According to Chris Stommel, President of Foresight Research:
• Millennials install accessories at a 42% higher rate, and
• Spend 61% more on personalization than the average new auto purchaser.
Another important demographic factor is that millennials even leapfrogged Gen X in new car purchases early in the third quarter of 2014.
While Boomers, still account for more new vehicle purchases, Millennial’s are on the fastest track to becoming the prime target for automotive retail sellers, they lease their vehicles at an increasing rate. They also personalize their new vehicles at unprecedented rates.
The lease challenge. Amortizing the capitalized cost of accessories and presenting the consumer advantage!
Amortizing the cost of vehicle personalization over the shorter lease term (24-39 month) on the surface presents a challenge...specifically to keep the payments low. According to Edmunds, 62% of car loans in 2014 were for terms above 60 months . First quarter reporting from Experian Automotive reflects the average new car loan in 2015 lasted 67 months and 62 months for used vehicles.

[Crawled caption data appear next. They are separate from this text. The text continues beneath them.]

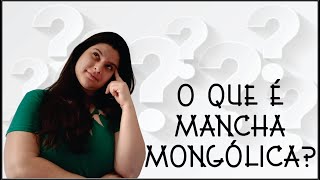 Você sabe o que é Mancha Mongólica?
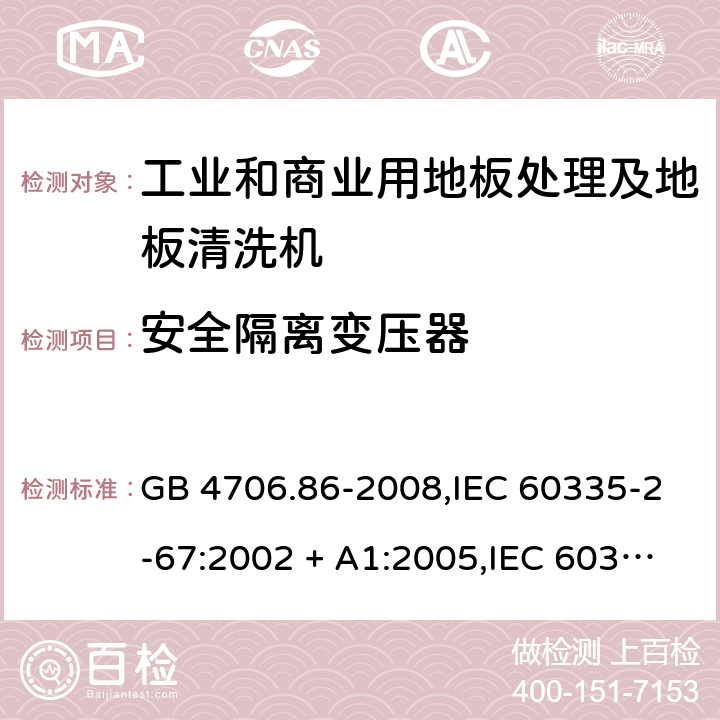 安全隔离变压器 家用和类似用途电器的安全.第2-67部分:工业和商业用地板处理及地板清洗机的特殊要求 GB 4706.86-2008,IEC 60335-2-67:2002 + A1:2005,IEC 60335-2-67:2012 + A1:2016,AS/NZS 60335.2.67:2002
+ A1:2006,AS/NZS 60335.2.67:2013 + A1:2014 + A2:2017,EN 60335-2-67:2012 附录G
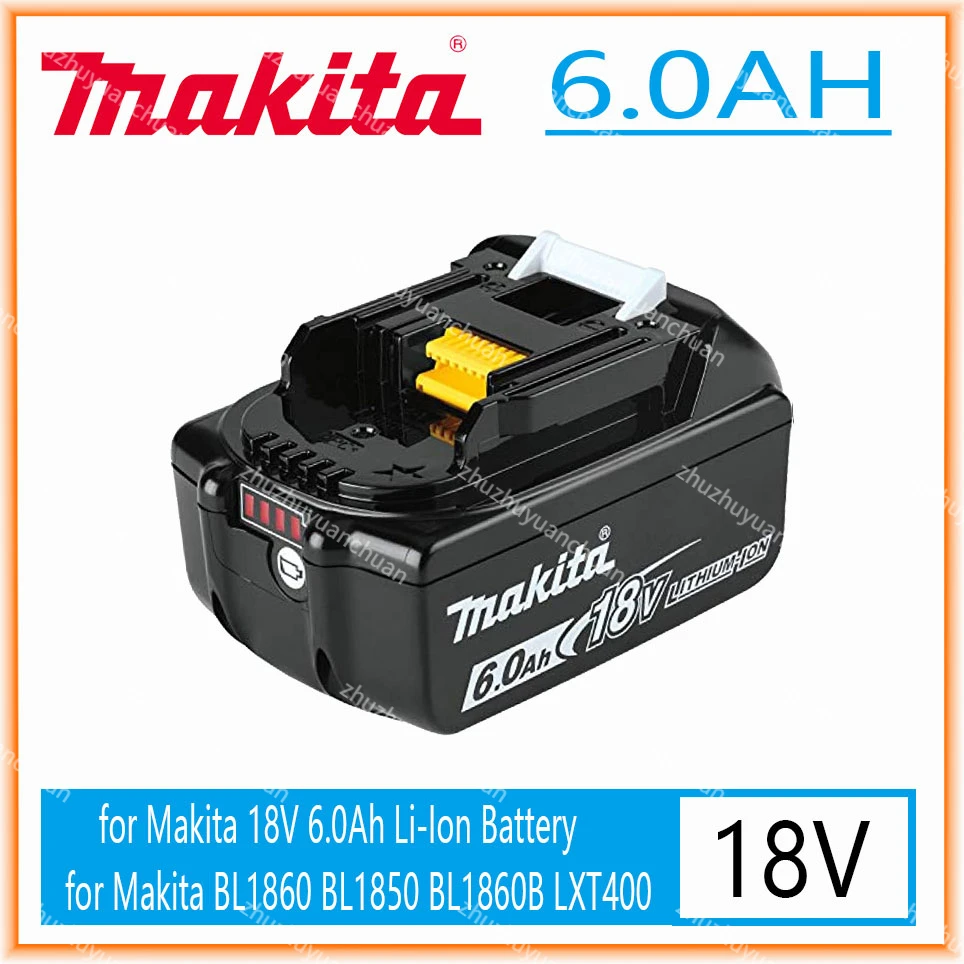 

Makita 18V 6000MAH brand-new 6.0AH Original Rechargeable Power Tool Battery LED Lithium Ion LXT BL1860B BL1860 BL1850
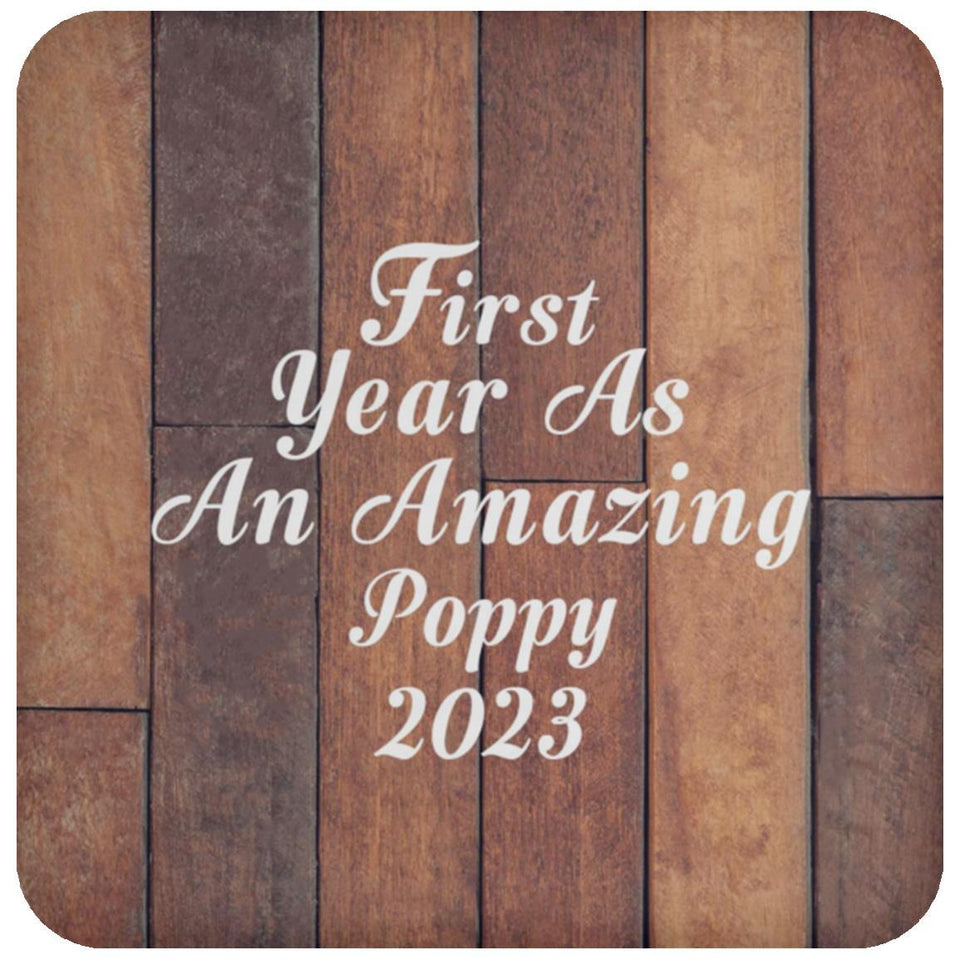 First Year As An Amazing Poppy 2023 - Drink Coaster E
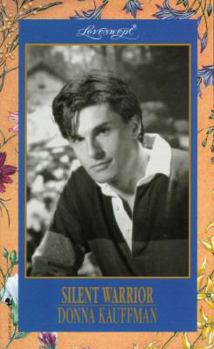 Silent Warrior (Loveswept, No 831) - Book #2 of the Delgado’s Dirty Dozen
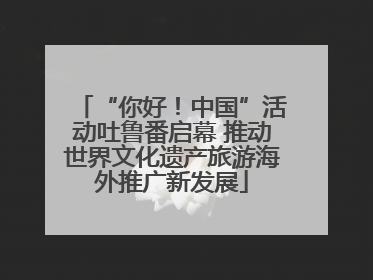 “你好！中国”活动吐鲁番启幕 推动世界文化遗产旅游海外推广新发展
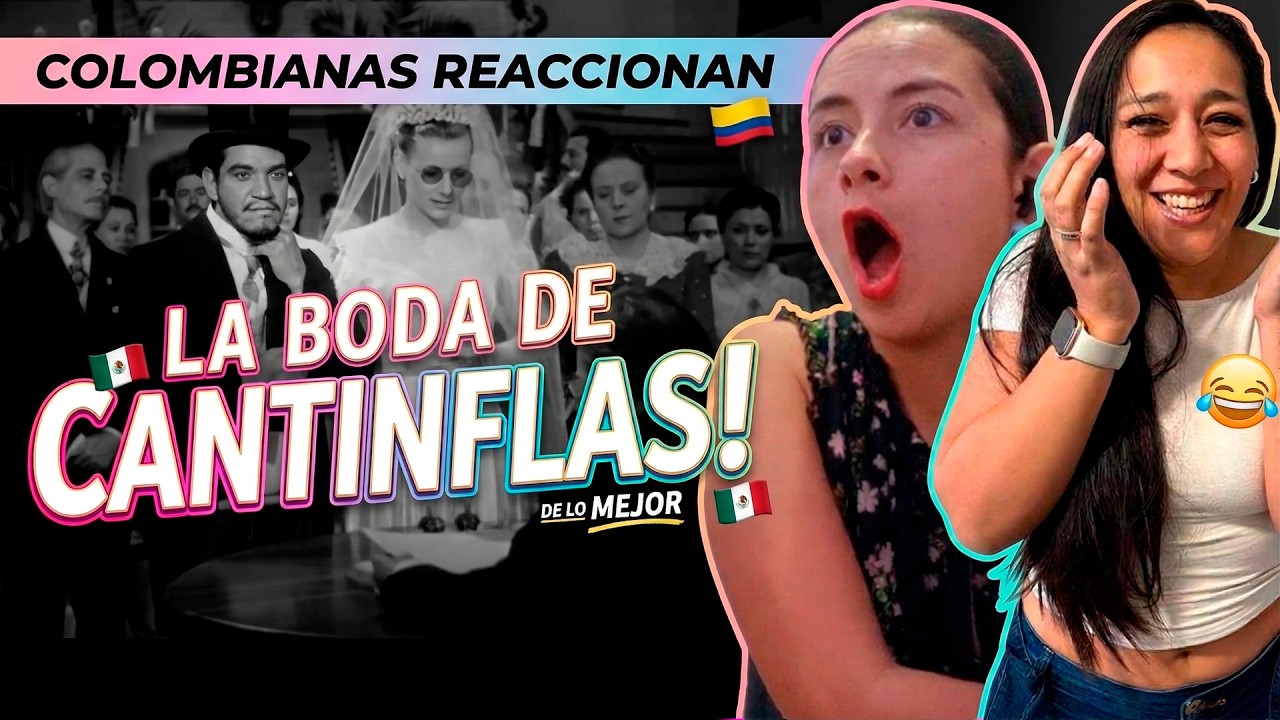 🇨🇴 Colombianas REACCIONAN a la BODA DE CANTINFLAS 🇲🇽 | ¡De lo MEJOR!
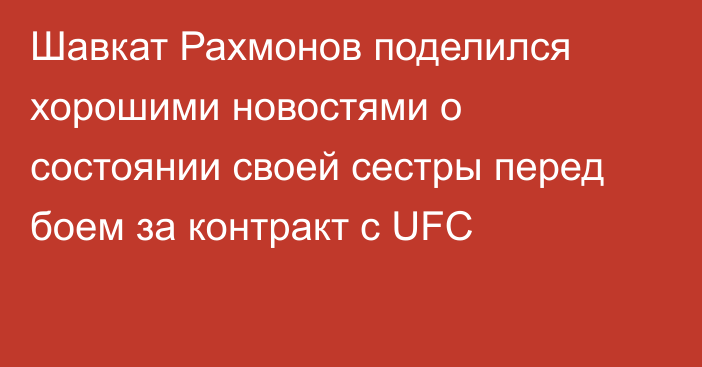 Шавкат Рахмонов поделился хорошими новостями о состоянии своей сестры перед боем за контракт с UFC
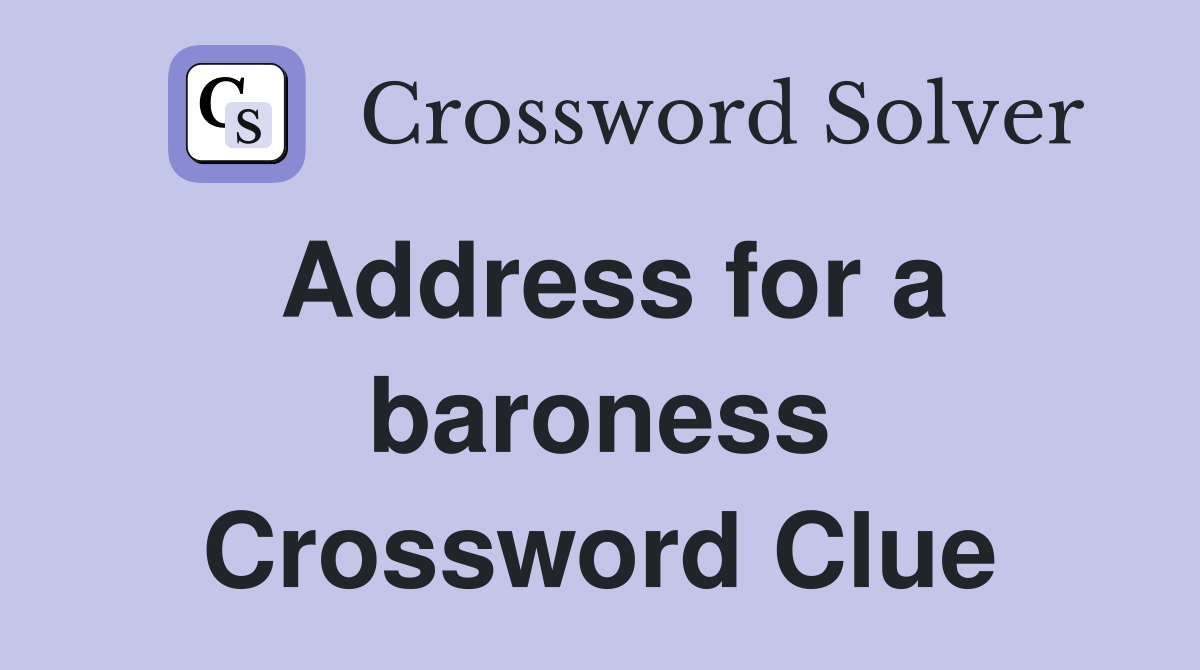Address for a baroness Crossword Clue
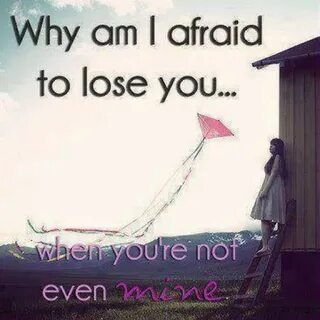 Why Am I Afraid To Lose You Pictures, Photos, and Images for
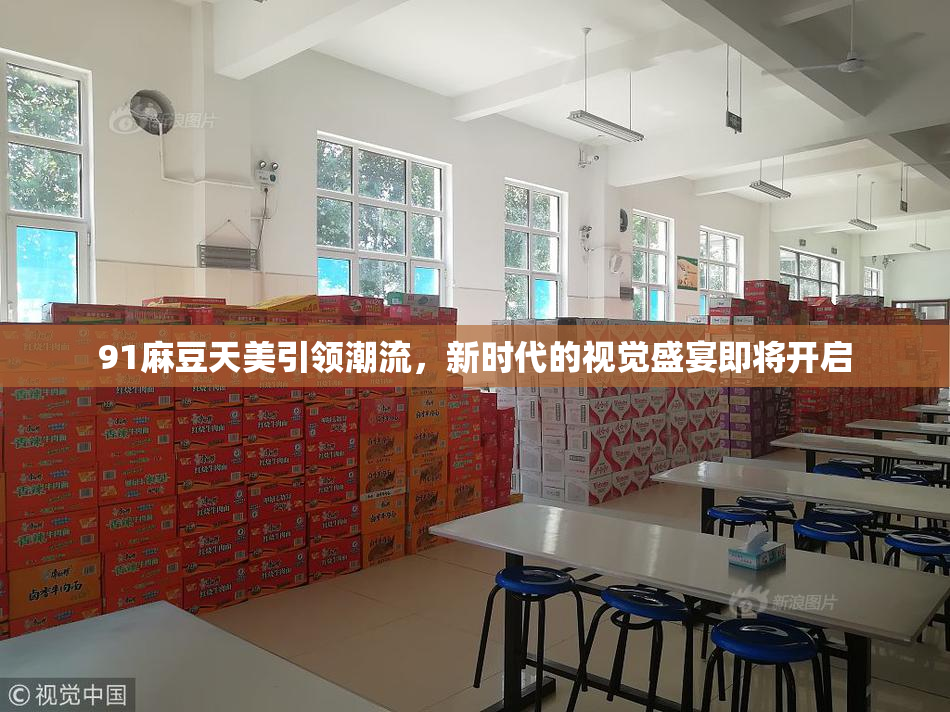 91麻豆天美引领潮流，新时代的视觉盛宴即将开启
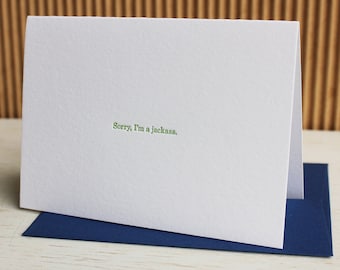 Funny Apology Card - Sorry I'm a Jackass - Snarky Letterpress
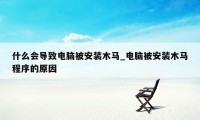 什么会导致电脑被安装木马_电脑被安装木马程序的原因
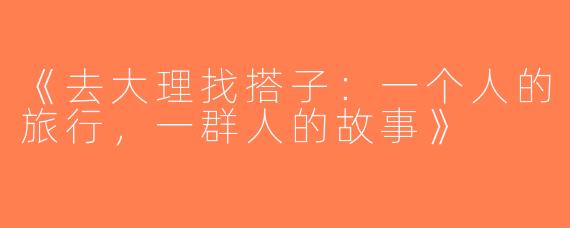 《去大理找搭子：一个人的旅行，一群人的故事》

How do YOU overcome this fiscal challenge when presenting personalization while selling it as an advantage to the consumer?
Very often personalization items can be residualized with the vehicle. As we know, residual or future value is calculated as a percentage of MSRP, and deducting this estimated future value of a vehicle is the primary factor that lowers the monthly payment of a lease contract from a like term buy contract, often lower than a long term buy payment on the vehicle.
Most lessors have a specific amount they will allow towards the adjusted MSRP of the leased vehicle for wheels, sunroofs, running boards, etc., which they then multiply by the residual percentage and then add to the future value for calculation of the monthly payment.
With a little bit of research and elbow grease on the part of dealership personnel working with Insignia Group Vehicle Personalization and Customer Care Experts, the keys to unlocking additional profit can be combined with the customer retention, shorter buying cycle and lower monthly payments attributes that leasing provides.
Lease packages can be readily developed allowing the dealer to offer groupings of popular accessories for vehicles, much as the manufacturer’s factory option packages are structured. This in turn makes lease vehicle personalization a viable, financially attainable, and positive part of the customer’s overall dealer experience.
The additional good news is that many times when a manufacturer runs a “special” lease payment ad to spark sales volume, this low payment is very often arrived at by a manufacturer’s captive finance company enhancing this residual percentage as a sort of “future rebate” program. Since the additional monthly cost of these accessories is also determined by the residual percentage the additional monthly cost of vehicle personalization will decrease as well.